No, not the George Hamilton movie — the other one

Maybe you had to be a child of the 1970s to “get” Evel Knievel.

(UPDATE — Or not?)

(Let’s face it: I still don’t “get” Al Jolson. But remain open to assistance…)

It was the last decade someone like Knievel could have emerged in America — and only there, of course.

(Canada’s version was, well, Canadian…)

Picture the kryptonite effect that Knievel must have on today’s epic beta male faggots and their cunty counterparts:

No helmet. No Harvard degree. Using lots and lots of evil gasoline. Risking (and accomplishing) great physical injury. Possibly inspiring idiots to do the same. (Think of the children!! If it only saves one life!!!) Devoting his life to amusing the tacky masses with their “idiot boxes.” Making way too much money by doing something utterly useless and irresponsible, and not even doing it particularly well, but marketing your own epic failures brilliantly.
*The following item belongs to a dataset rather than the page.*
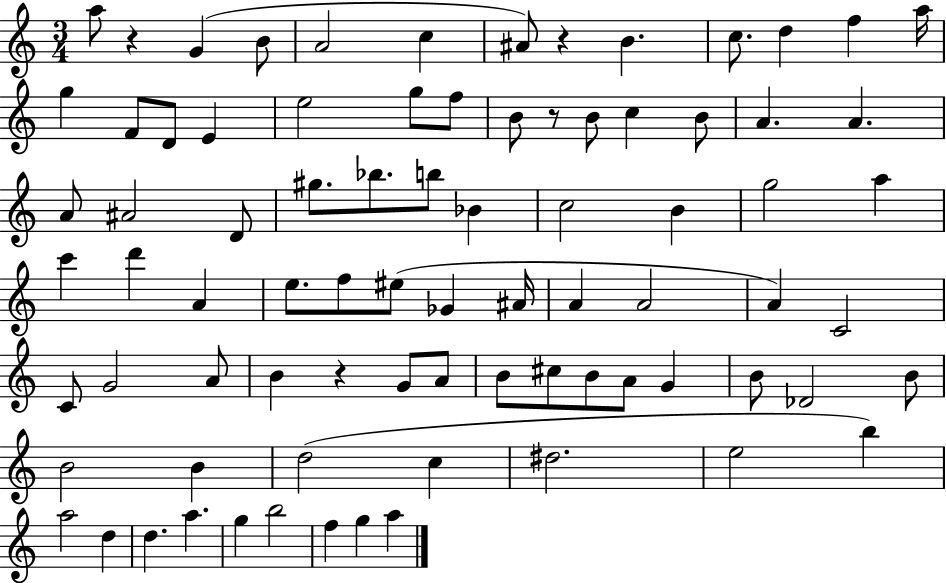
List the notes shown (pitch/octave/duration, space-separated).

That’s actually the only thing I can imagine today’s “unmanned drones” (as I like to call “male” liberals) liking about Knievel: That, in a sense, he was a loser — like I said, his overly ambitious stunts rarely succeeded.

If only peanuts had somehow been involved, he’d be considered Hitler right now.
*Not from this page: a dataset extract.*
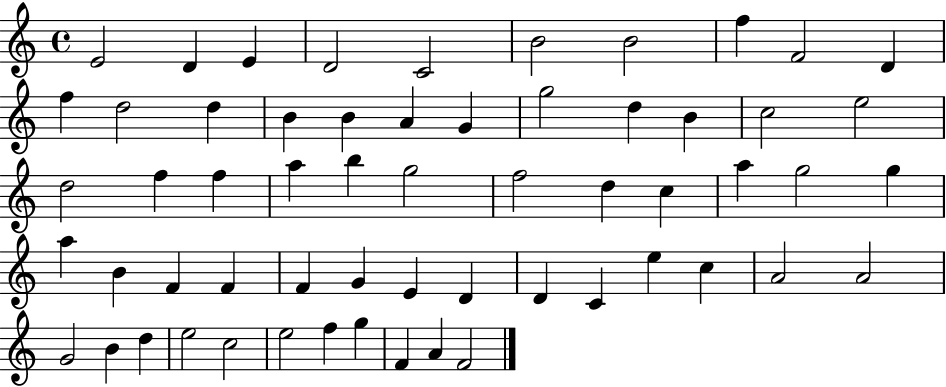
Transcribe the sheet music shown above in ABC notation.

But peanuts were involved, sort of:

How cosmically apt that Knievel emerged during the Jimmy “Put on a Sweater” Carter administration. Fuck gas shortages. Fuck pollution. Fuck sober post-Watergate introspection and humility.

The bring-down of having Carter inside the White House during the Bicentennial (don’t you wish it had been Reagan?) was almost singlehandedly counterbalanced by Knievel’s garish red-white-and-blue ever-presence outside it.